Clinical practice in many places may be more or less stringent. In the United Kingdom, most National Health Service trusts will require two years of RLE before surgery, whereas in countries such as Thailand and Mexico, some surgeons may not require the completion of any RLE at all.

==Criticism==
Though the WPATH SOC's one-year RLE requirement prior to GRS has been widely followed by surgeons in the past, it has not gone without criticism. Like the previous three-month RLE requirement for hormone therapy, many transgender people have expressed displeasure with it and have declared that it is unnecessary. Alongside this, some private providers did not require RLE to prescribe hormone therapy. Supporting such claims, physician and sexologist Anne Lawrence, in a paper presented at the XVII Harry Benjamin International Symposium on Gender Dysphoria in 2001, stated that there is little scientific evidence that a one-year RLE is necessary or sufficient for favorable outcomes following GRS. In addition, she presented the results of a study she conducted on a group of trans women in which she showed that GRS without a prior one-year RLE could be undergone without the subsequent expression of regret. She concluded that her results did not support the SOC requirement of a one-year RLE as an absolute requirement for GRS.

The real life experience requirement for hormone therapy has also been described by some as "unreasonable" and "dangerous", due to the patient's physical appearance often not matching their declared gender prior to starting hormone therapy.
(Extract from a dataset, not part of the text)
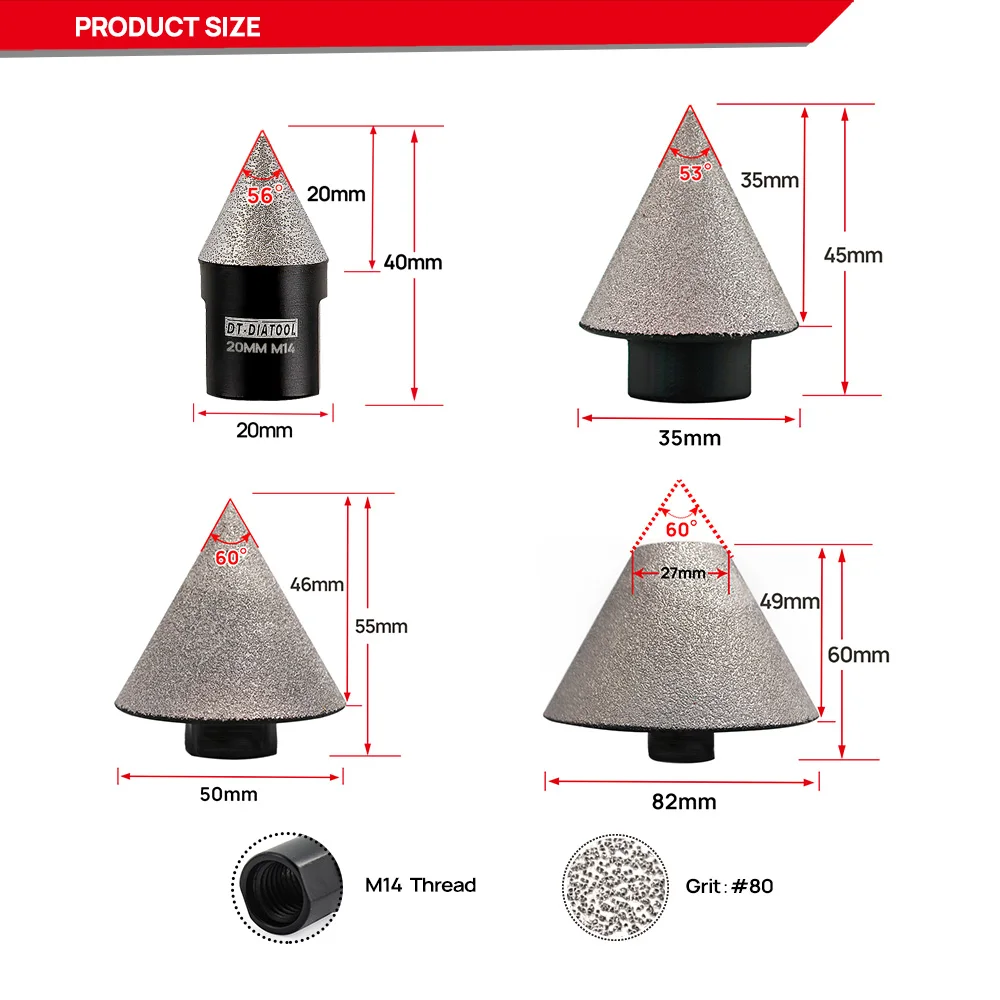 Diamond Finger Bits M14 Thread Milling Bit Chamfering Edge Holes Polishing Tile Ceramic Porcelain Enlargeing Holes Saw Milling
Further in support of the idea that a one-year RLE requirement prior to GRS is unnecessary, regret, as well as suicide, appear to be very rare in post-operative transgender people in general. In another study conducted by Anne Lawrence and published in 2003, she found that in a group of 232 post-operative trans women, none expressed outright regret, and only a few expressed even occasional regret. In addition, a 2002 review of the literature reported that there is less than a 1% rate of regret, and a little more than a 1% rate of suicide, among post-operative transgender people; for comparison, the rate of suicide in the general population is only about 1%, while the suicide attempt rate of the transgender population as a whole was around 41% per a 2013 publication.

Amnesty International emphasized in 2017 that the RLE has been criticized by the Committee on the Elimination of Discrimination against Women for promoting stereotypical gender roles.

Perhaps in response to such criticisms, the WPATH SOC Version 8 removed the requirement of RLE for all gender-affirming treatments.